[CentOS] This firewall rule will self-destruct

Sat Mar 17 03:39:38 UTC 2007
MrKiwi <mrkiwi at gmail.com>

Benjamin Smith wrote:
> On Friday 16 March 2007, MrKiwi wrote:
>> mitigate a situation 
>> where you have no control over an intermediate firewall that 
>> only passes port 80
> Yes, that's EXACTLY what I'm trying to do... but I dont' see how this exactly 
> relates to port knocking. 
> Port knocking seems to be that you log connection attempts to various ports 
> that are otherwise closed, EG: 
> iptables -I input -p tcp -j DENY -l 
> and then watch the log file for a specific, exact sequence of connections from 
> a common source IP. How would that help me here?
Yes - you're right, it would not be a simple drop in 
solution. In the other scenario  i suggested (reducing your 
visibility) port knocking would have been perfect.

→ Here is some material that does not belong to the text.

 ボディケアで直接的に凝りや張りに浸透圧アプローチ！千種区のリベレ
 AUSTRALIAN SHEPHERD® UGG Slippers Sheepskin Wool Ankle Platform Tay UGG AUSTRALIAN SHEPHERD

You could still use a modified port knocking system i think 
- just using a url hit to do the triggering instead of a 
port knock sequence. That way the port knock config takes 
care of removing the iptables line after x seconds.

See Michael Rash's pdf
His implementation is rock solid, and easy to config. Also 
anyone with some grep and script skills should be able to 
hack the port-knock -> httpd-log-watcher part you need.